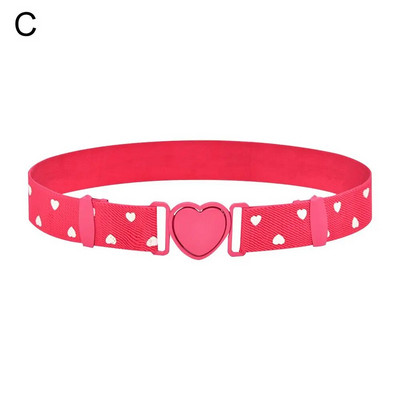 Bērnu elastīgas jostas meiteņu elastīgas jostasvietas jostas regulējama rozā sirds sprādzes josta Vienota josta pusaudžu bērnu meiteņu kleitas
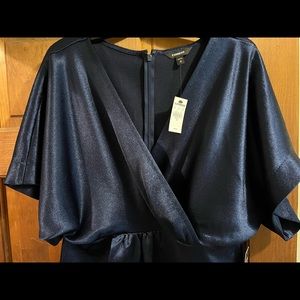 NWT - Size M - Navy Express Wrap Dress with Tulip Hem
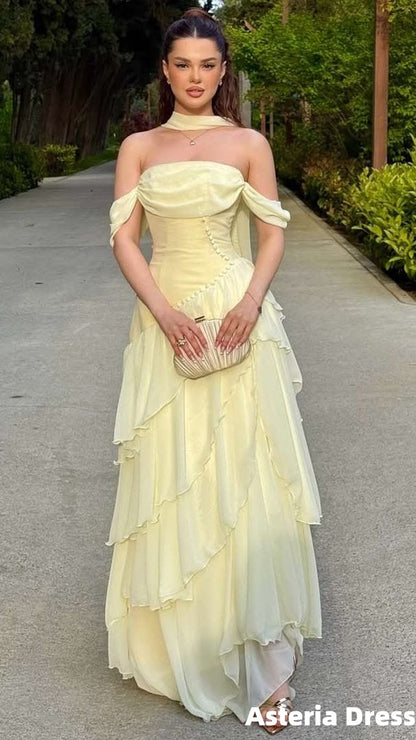 Asteria Dress Charming Light Yellow Chiffon Ruffle Long Prom Dresses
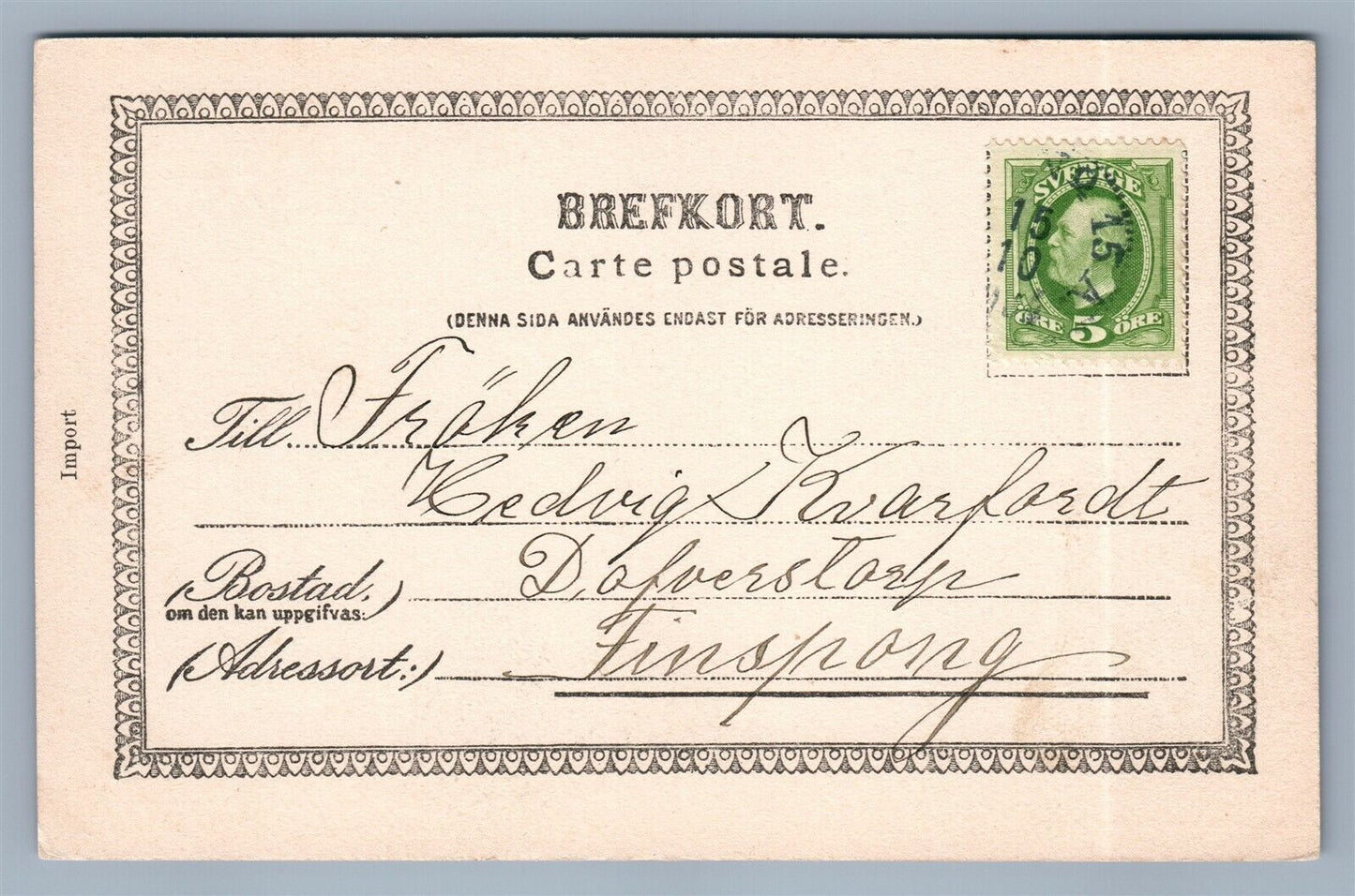 SWEDEN GATUPARTI FRAN HALSBERG ANTIQUE POSTCARD w/ STAMP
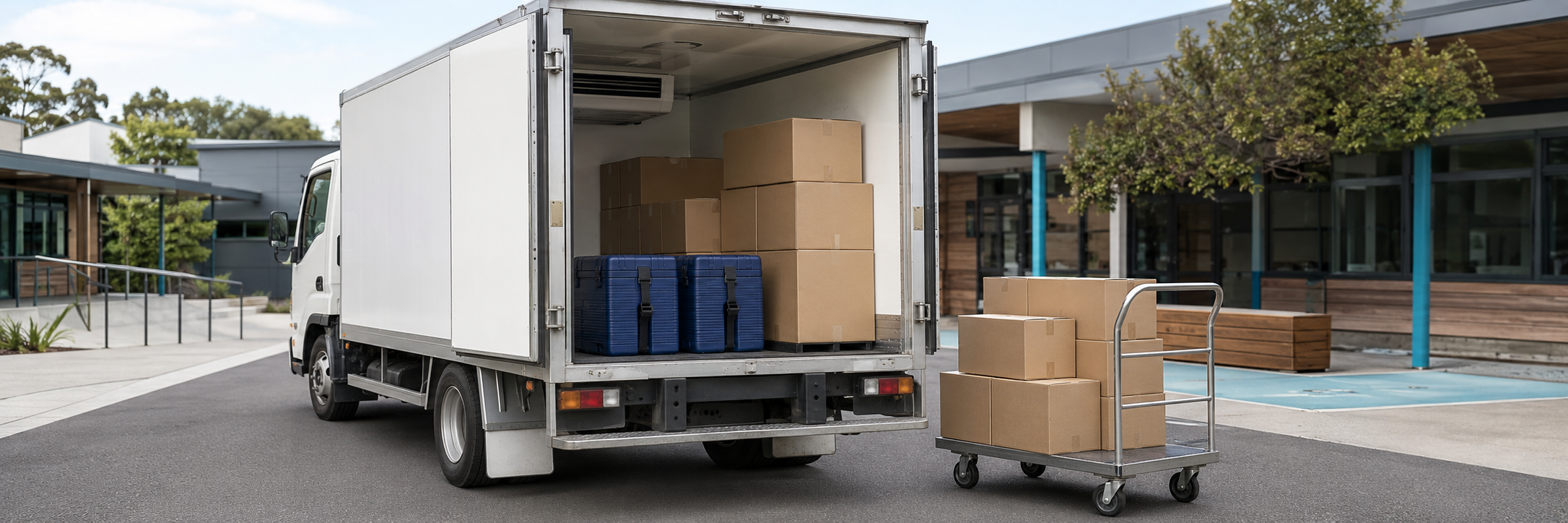 Sealed cartons and insulated food containers ready for delivery from a refrigerated truck at an Auckland school.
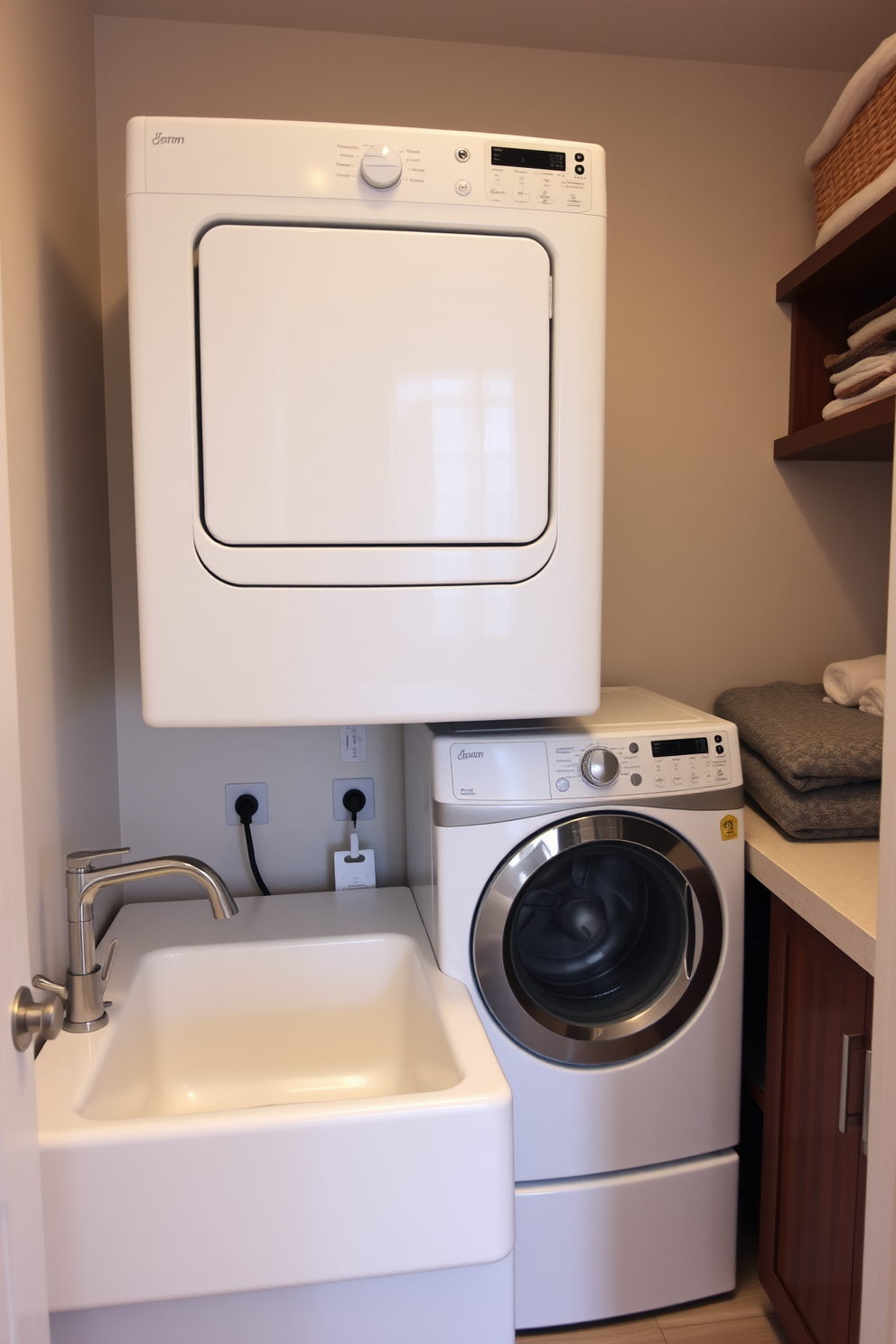 A functional laundry room featuring a deep sink designed for washing. The space includes a top-loading washer with a sleek white finish, positioned next to a countertop for folding clothes.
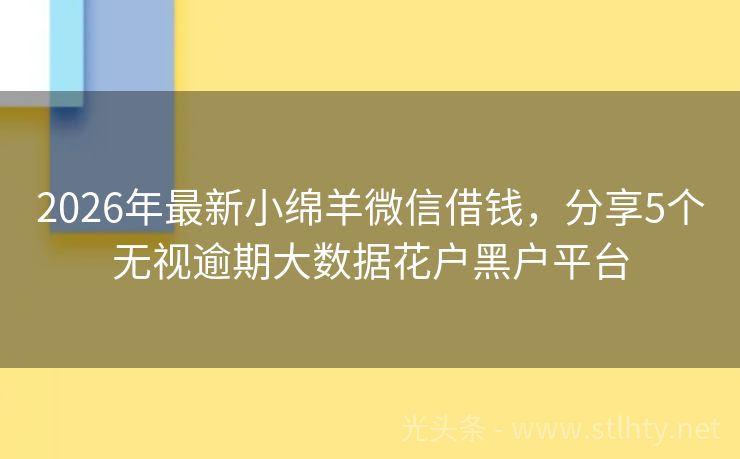 2026年最新小绵羊微信借钱，分享5个无视逾期大数据花户黑户平台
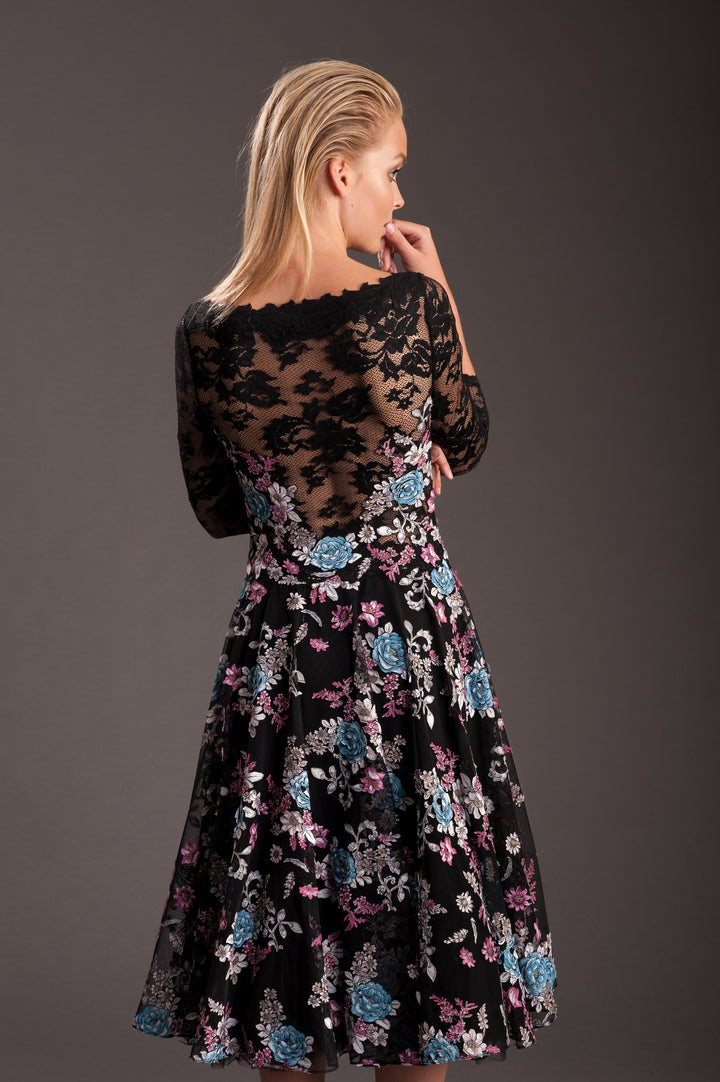 Floral Black Lace Dress-3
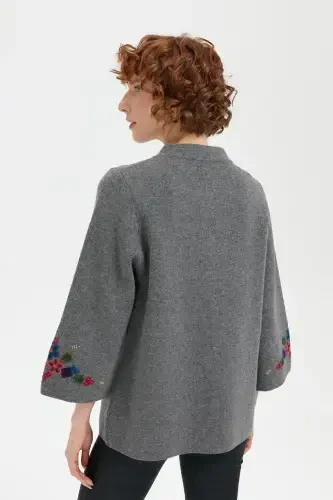 Women's Stand-up Collar Short Wool Jacket with Embroidered Sleeves and Collar, Smoke-Smoke - 3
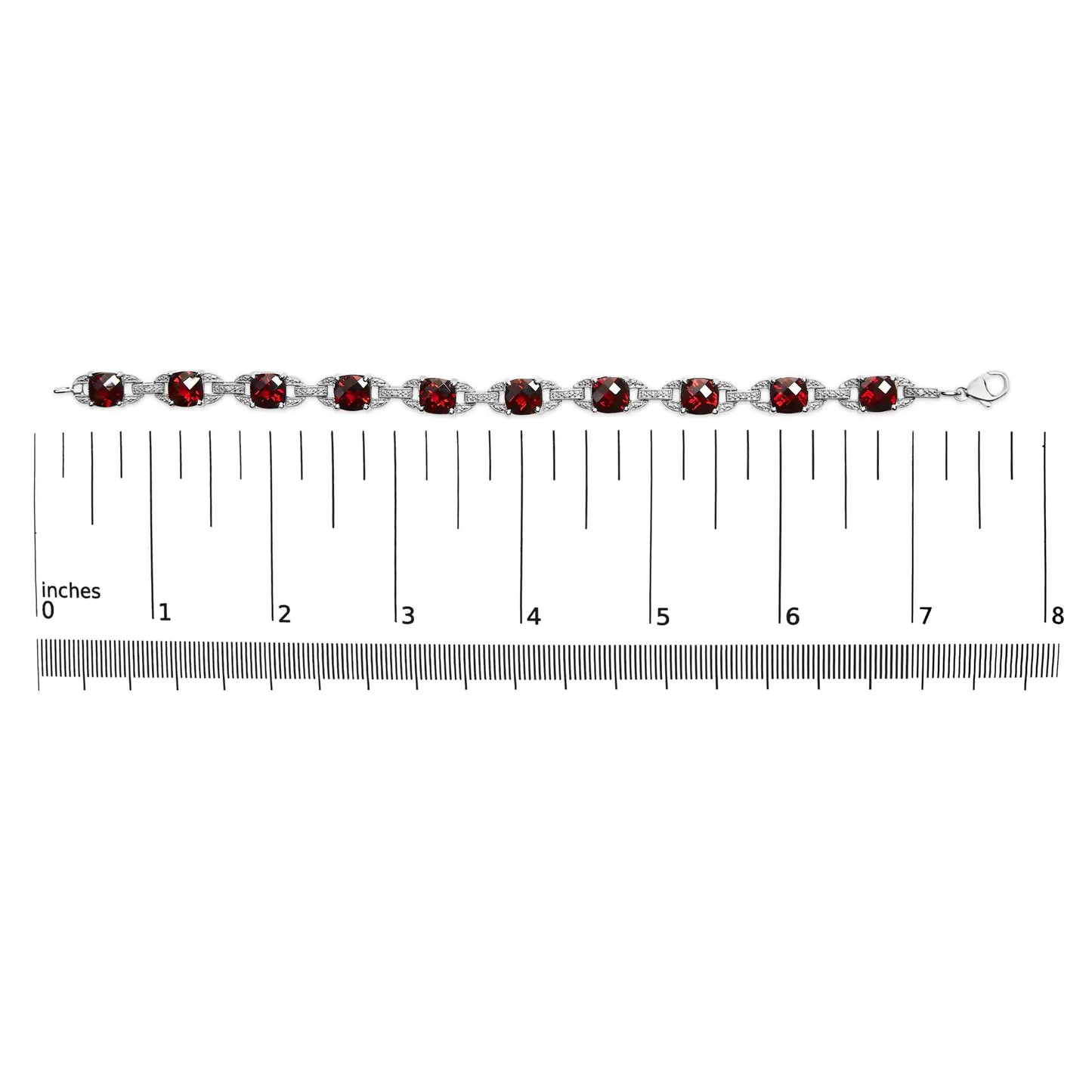 Sterling Silver Red Garnet Diamond Tennis Bracelet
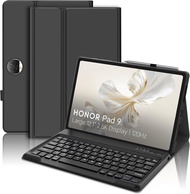 เคสคีย์บอร์ดสำหรับ Honor Pad 9 12.1นิ้วแป้นพิมพ์บลูทูธแม่เหล็ก (ผัง QWERTY) เคสแบบพับปิดได้แท่นวางที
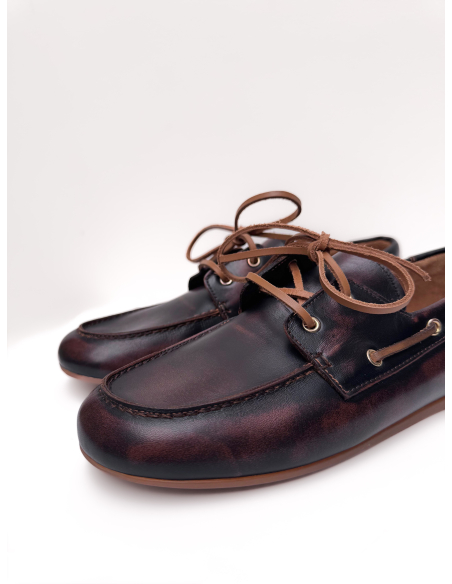 Bleached leather slip on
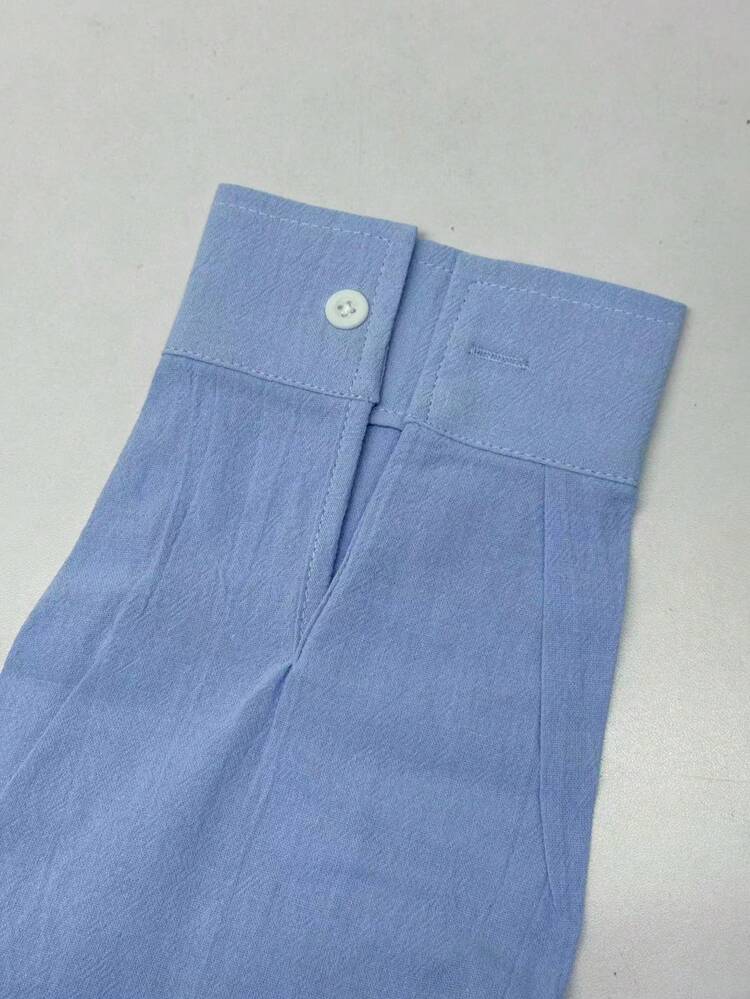 Camisa de lino de manga larga con cuello mao para hombres, primavera/verano, con bolsillo delantero con botones y diseño de mangas enrollables, holgada y transpirable, estilosa, adecuada para la playa, vacaciones y uso diario casual. Consejos de talla: disponible en tallas XS-XXXL, el ajuste europeo y americano tiende a ser holgado, se recomienda bajar de talla para un aspecto talla grande ceñido; las telas de colores talla grande claros son ligeramente transparentes, elija según sus necesidades de estilo. - Celeste - Añade 7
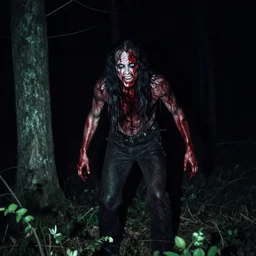 bloody wendigo in forest at night, night vision, shot from done, grainy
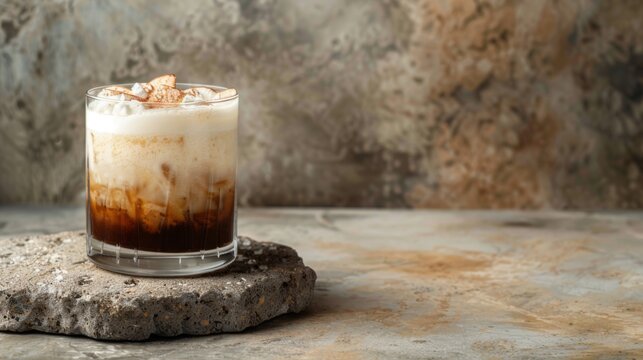 White Russian cocktail on podium on concrete background. Glass of alcoholic drink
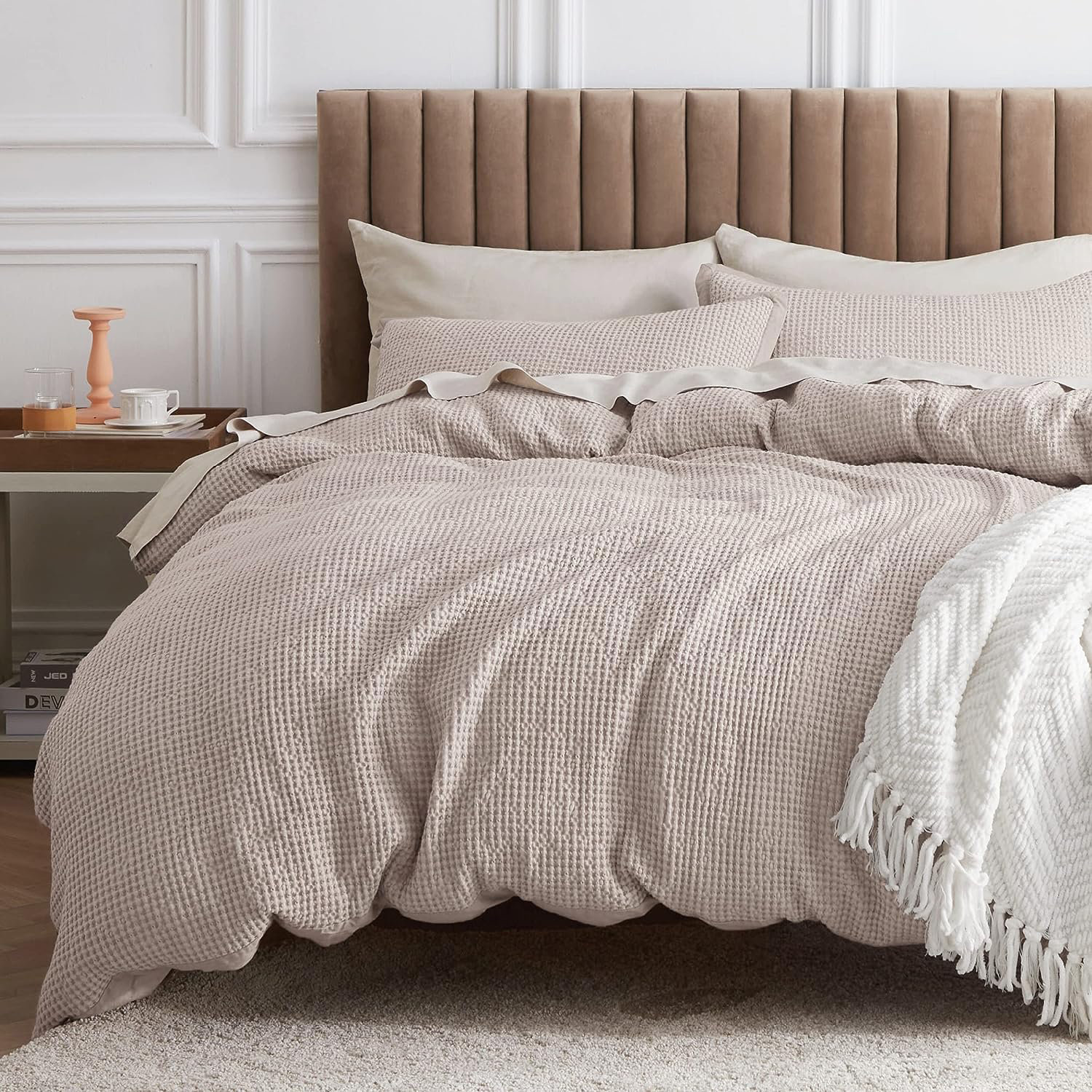 Essential Collection Cotton Duvet Cover Set, King Duvet Cover + 2 King Shams, Linen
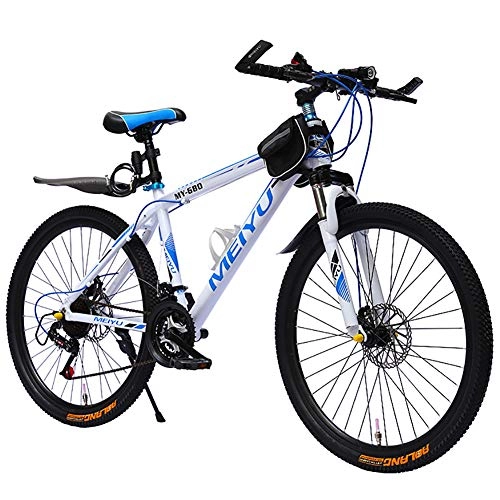 Mountain Bike : JACK'S CAT 27-speed Men's Mountain Bike, Aluminum Alloy Mountain Bicycle, Thickened Shock-absorbing Front Fork, Double Disc Brake Anti-rust MTB, White, 26in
-------------------------
- _Required work_:
Copy nothing but the lines above that run from the one with "bloody wendigo in" to the one with "Essential Collection Cotton", ends included; pictures stay out.

- _Response below_:
 bloody wendigo in forest at night, night vision, shot from done, grainy
 White Russian cocktail on podium on concrete background. Glass of alcoholic drink
 Essential Collection Cotton Duvet Cover Set, King Duvet Cover + 2 King Shams, Linen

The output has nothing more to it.